This paper proposes a speech enhancement algorithm based on post Wiener filtering. First, the algorithm uses spectral subtraction to perform speech enhancement on the speech signal of the current sound source, which will obtain acoustic signal containing autocorrelation noise. Then, the parameters of the post-wiener filter are used to suppress noise and amplify the target of the sound source signal. Finally, the algorithm fits the optimal filter. The principal flow chart of the optimization algorithm is shown in Figure 6.

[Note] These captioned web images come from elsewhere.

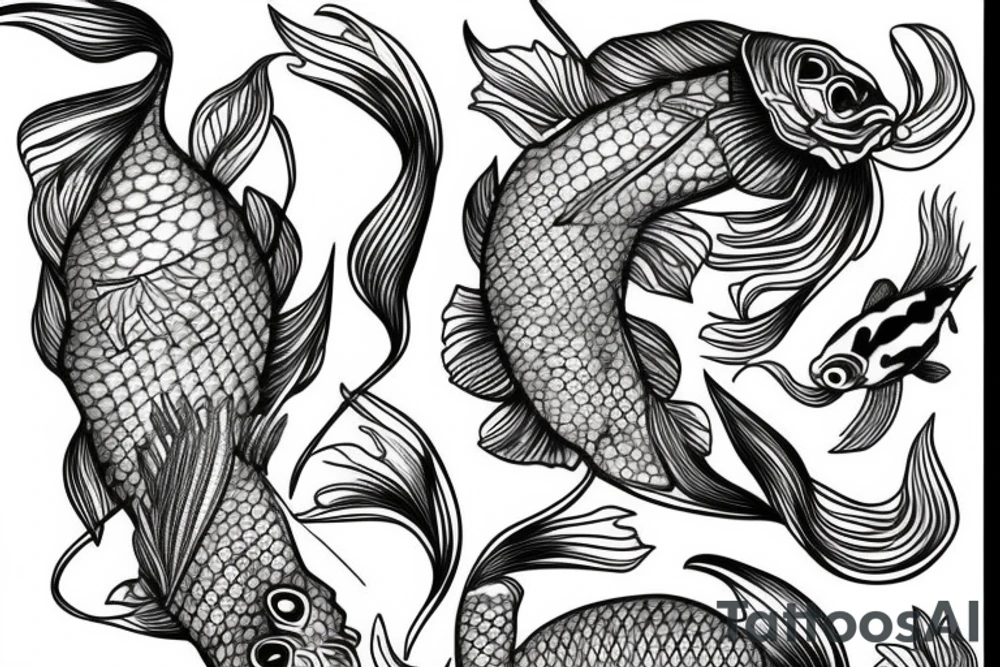 Koi Fish with skeleton leaving its body tattoo idea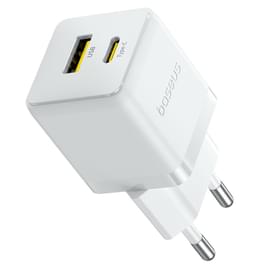 Адаптер питания Baseus, Palm USB-C+A 20W с каб, White (BAS-P1011160821301) фото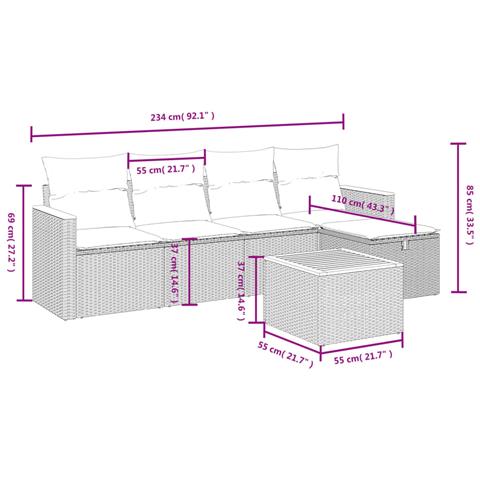Set Divano da Giardino 6 pz con Cuscini Grigio in Polyrattan - Foto 4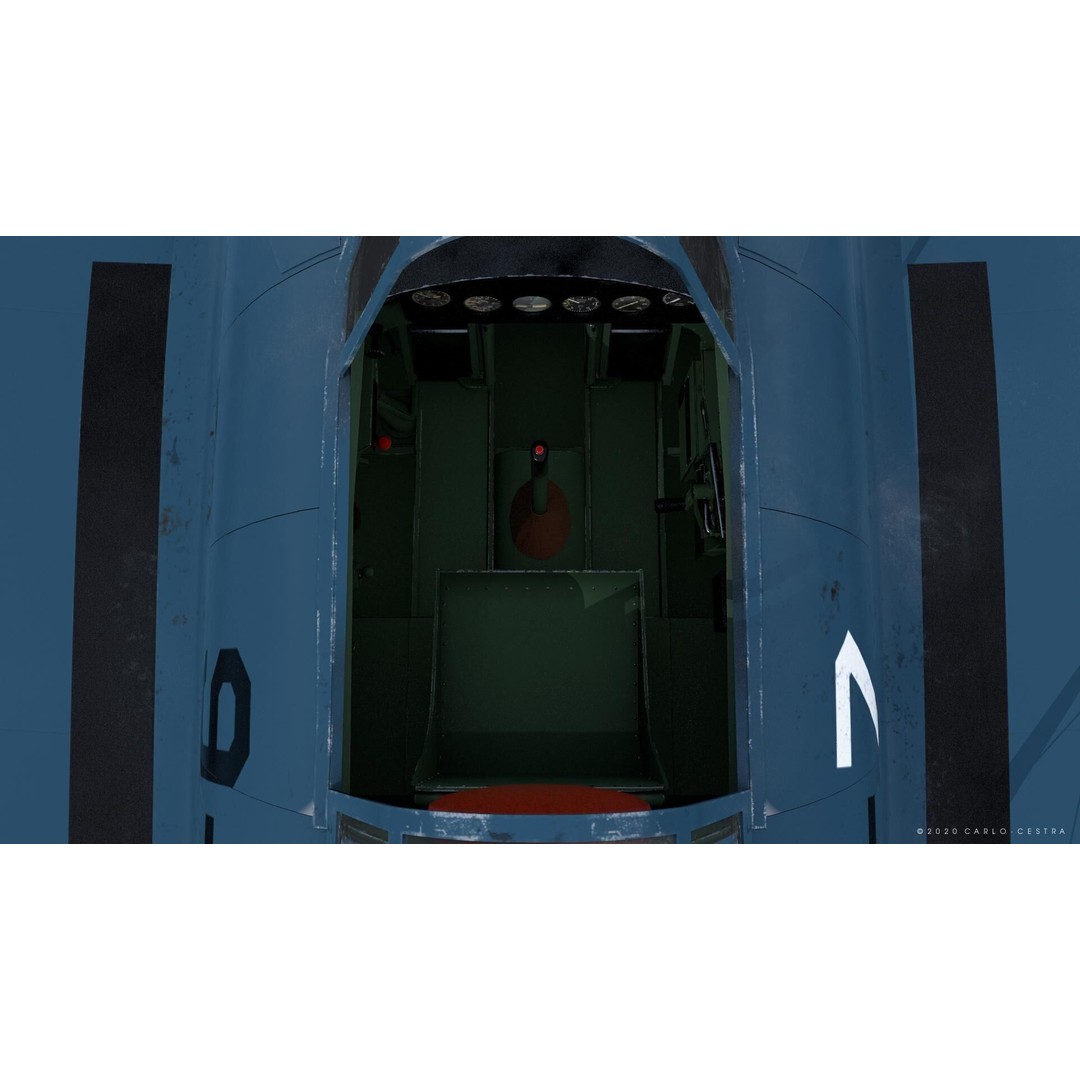 F4F-4 3D Model – Low Poly Historic Fighter Aircraft, FBX - View 21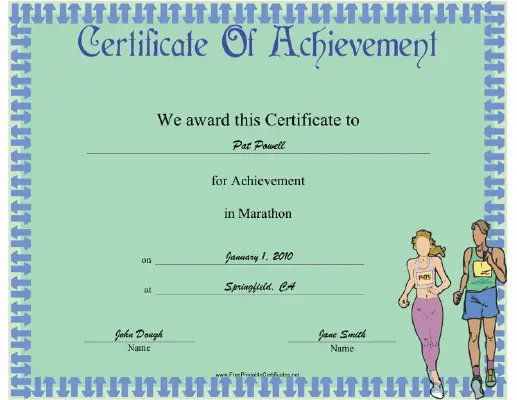 Marathon certificate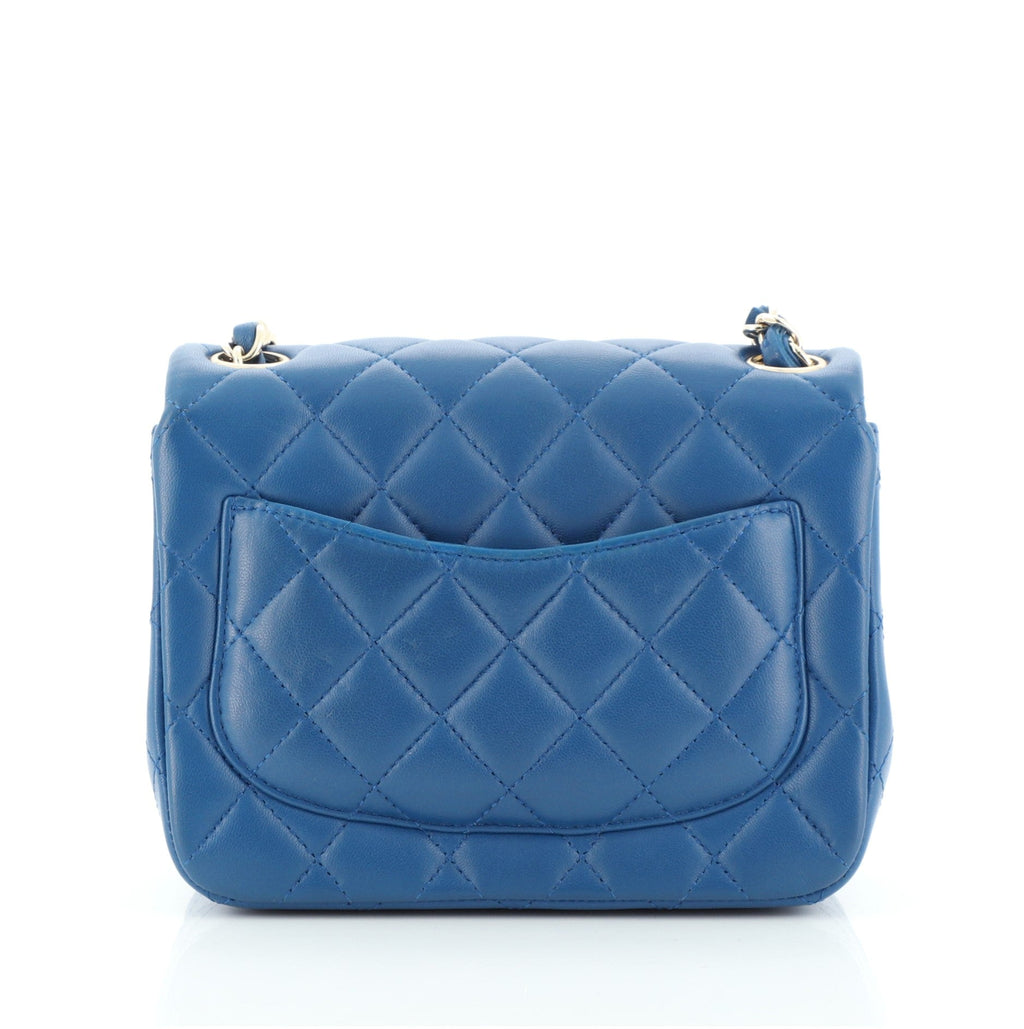 Square Classic Single Flap Bag Quilted Lambskin Mini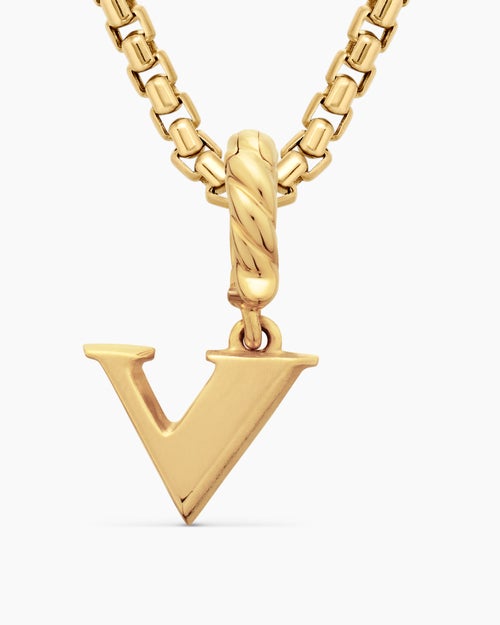 Womens Pavé Initial Pendant in 18K Yellow Gold with Diamond V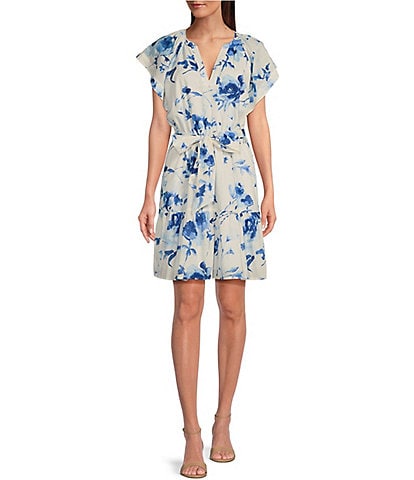 Lauren Ralph Lauren Voile Floral Print Split V-Neck Flutter Short Sleeve Belted Dress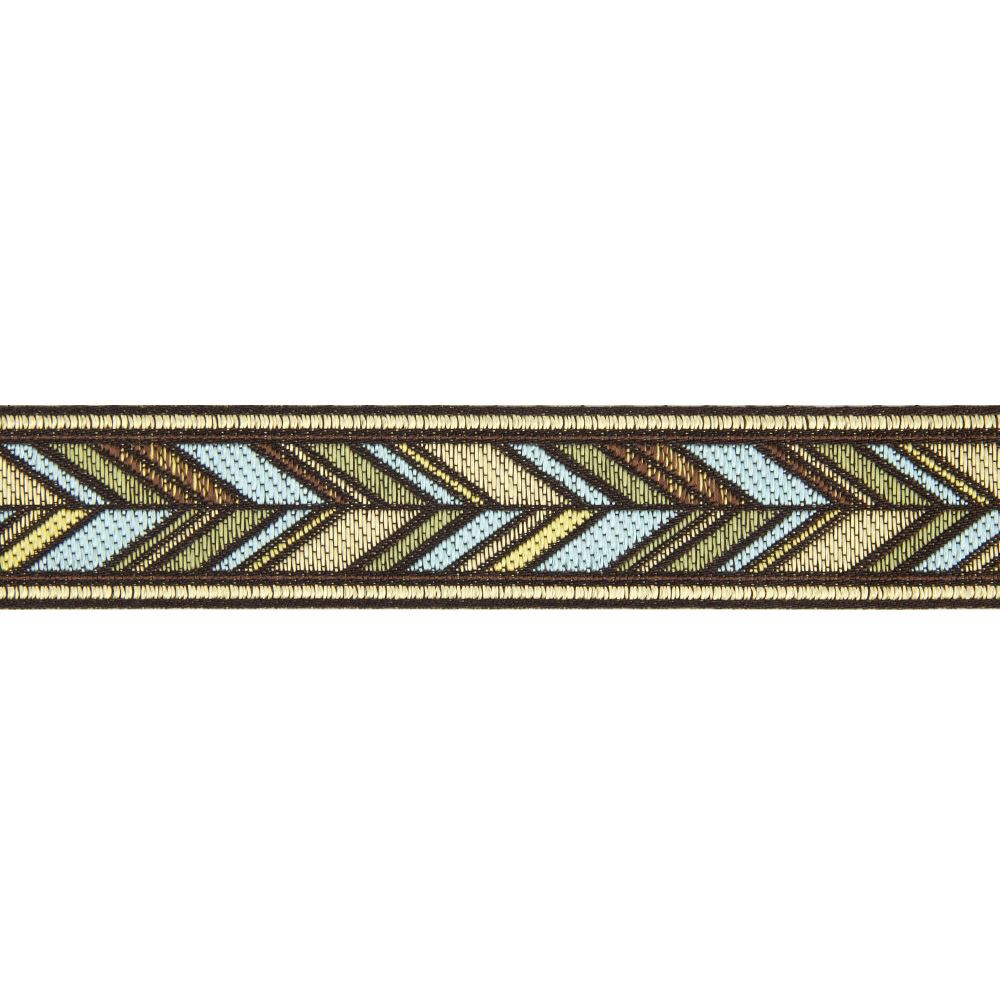 Текстильный бордюр YGH318-2 Mirtex бирюзовый/зеленый/золото "Фантазия 4", ширина 3 см/±25 м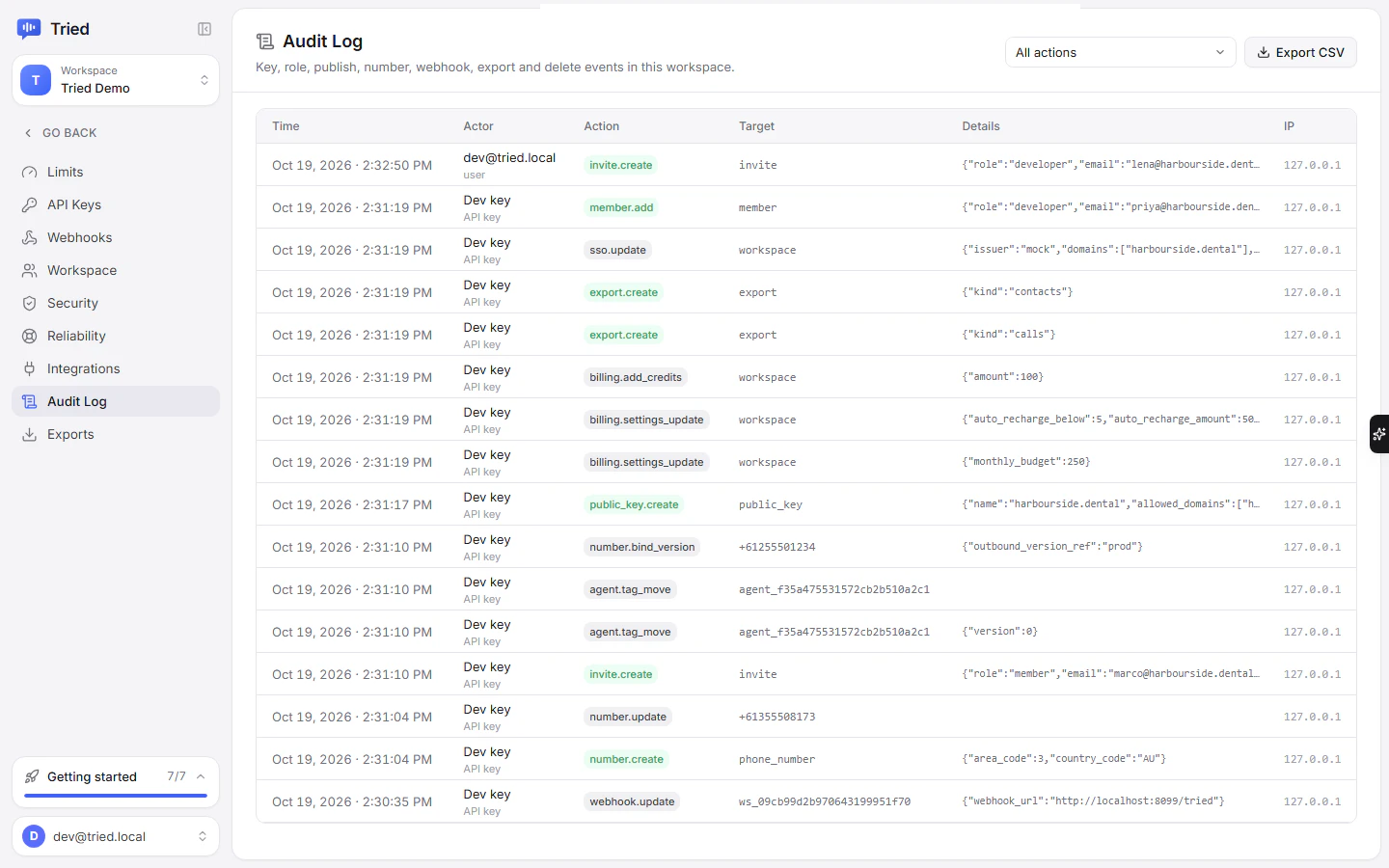 Settings, Audit Log: time, actor, action, target and details
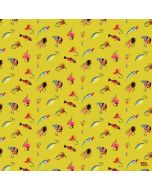 Get Your Ducks in a Row: Off the Hook Fishing Flies Maize - Dear Stella Fabrics stella-dbo3658 maize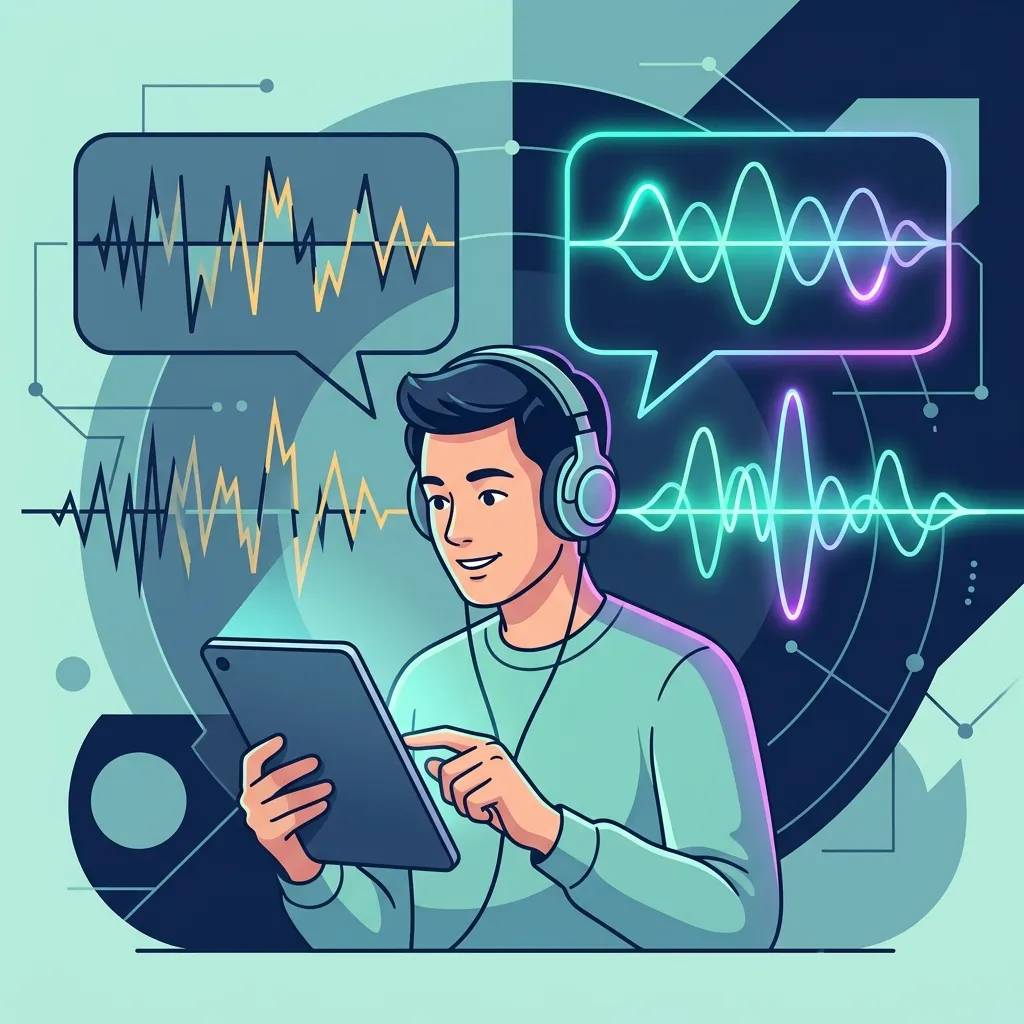 Shadowing technique illustration showing a learner repeating after AI narration while reading on a device
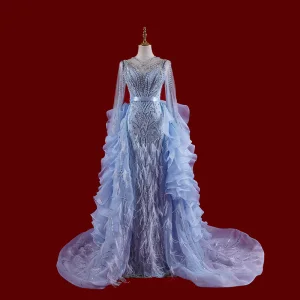 Luksus Sexy Himmelen Blå Håndlaget Dusk Beading Perle Gripende Ruffles Selskapskjoler 2023 Trompet Havfrue V Hals Langermede Feie Tog Aften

5. Experiment Design and Result Analysis

In order to verify the real performance and effectiveness of the algorithm in this paper, two experiments were designed. Experiment-I verifies the performance of this algorithm in real sound localization. Selecting some sound source points, we calculate the sound source position and compare it with the existing sound source localization method (based on the TDOA algorithm). Experiment-∏ is to verify the effectiveness of the proposed new method in speech enhancement. We process speech signals in different noise environments and compare them with other speech enhancement algorithms.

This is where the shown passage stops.